Do Azure SQL Database External Tables have a place in a micro-service?
I was recently in discussions on using External Tables to link Azure SQL Databases across micro-service boundaries. This has led to some challenging discussions with a client and unexpected opinions internally here at sabin.io.
My simple view of a micro-service is of a data store fronted by code, which is in turn behind an API or message subscriber. Importantly only this code accesses the store. I have arrived at this opinion though many (often heated) discussions with developers implementing services, and though working with teams breaking large services into micro-services to clarify ownership and responsibility, remove dependencies and simplify development and release. At that time, the data store was a hefty on-premise SQL Server instance and the prevailing discussions were around multi-schema vs muti-database, and dependency concerns and side-effects from cross database calls. When transitioning to Azure, I initially struggled with the isolation enforced by SQL Db however, I eventually realised this instilled good micro-service practice by design.
And so it is through this lens that I view External Tables. And it seems I stand alone, notwithstanding the fact all documentation I can find have very a specific use case, namely to support Elastic Database query (also see Querying remote databases in azure sql db and CREATE EXTERNAL TABLE (Transact-SQL)).
What makes a good micro-service
The following image illustrates my view of a good micro-service design.
What is good data design
First, lets leave aside performance and normalisation. In this context good data design is about the service having to hand the data required to achieve its business function. One should be able to rely on the data; it should be dependable.

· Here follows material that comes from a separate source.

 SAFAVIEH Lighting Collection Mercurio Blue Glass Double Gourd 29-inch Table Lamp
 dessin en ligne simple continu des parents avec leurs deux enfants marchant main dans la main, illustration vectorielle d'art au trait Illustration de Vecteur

This is relatively straight-forward when the service is the data creator or golden source however, when it is not as is often the case then this is when things get tricky. Assuming eventual consistency will save the day fails if mechanisms are not in place to know the service is eventually consistent, therefore some form of continuous reconciliation coupled with appropriate monitoring is required.
Another regular requirement for a new service is data seeding, again requiring an initial reconciliation and then most likely some form of continuous reconciliation.

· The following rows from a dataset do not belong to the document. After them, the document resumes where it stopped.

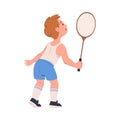 Cute little boy playing tennis. Happy child beating tennis ball with racket playing sports game cartoon vector Royalty Free Stock Photo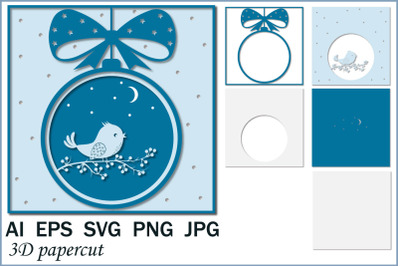 3D greeting card&2C; Christmas bird&2C; papercut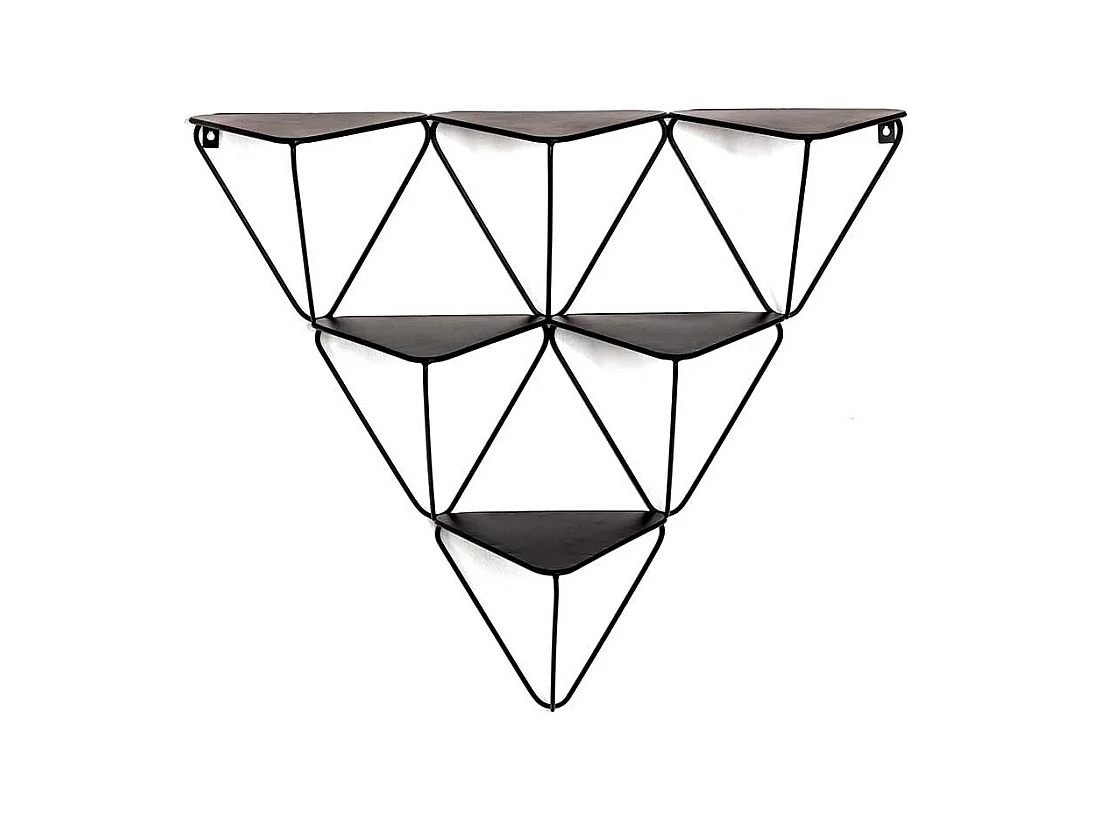 Dreieckige Regale aus Metall Schwarz (2er Set)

When there is drift, then how should data be resent, are there different strategies required based on the size of drift, and for large data volumes how to do this efficiently with zero or next to zero downtime?
What has this to do with external tables
The client proposal was to implement an external table to seed, reconcile and refresh data from a data creator within a set of logically related micro-services, illustrated below
My immediate push back were the concerns of
- Tightly coupled back-end dependencies
- Lack of strong contract and brittle due to lack of ownership of the shared data
- Performance impact on the source through erroneous size of data operations
- managing security
The real surprise for me was the response from my colleagues here at sabin.io when reaching out for support. Having put this out there expecting a, your right and they're wrong, done and dusted, it was quiet the opposite, for example:
- If this is part of a set logically related services implemented by closely aligned teams then what is the concern.
- Select * is not an API however, select col1, col2, coll3, etc. can be. Of course this needs to be correctly coded.
- The use case is bounded / constrained. It is easy to test and failing tests can be implemented on the shared data owner to enforce the API and constrain change.
To wrap up
I am still not convinced External Tables should be implemented in the back end of a micro-service however, I will admit they can save on engineering time around the challenges of data seeding, data refresh and reconciliation.
Interestingly, this post is not really about whether external tables are a good thing or a bad thing. For me the discussions around this topic really brought to light the fact our opinion is enforced by our experiences, which in turn shape our response long before the discussion has even begun.
To be of value to a client, I have to approach every problem with an open mind and accept a variety of solutions will be put forward to achieve simplification or overcome architectural oversights. Based on my experience I should present my point of view, pointing out what I see as the pros and cons. Importantly, regardless of the solution chosen, it is incumbent upon me to assist on ensuring good engineering rigour to achieving success.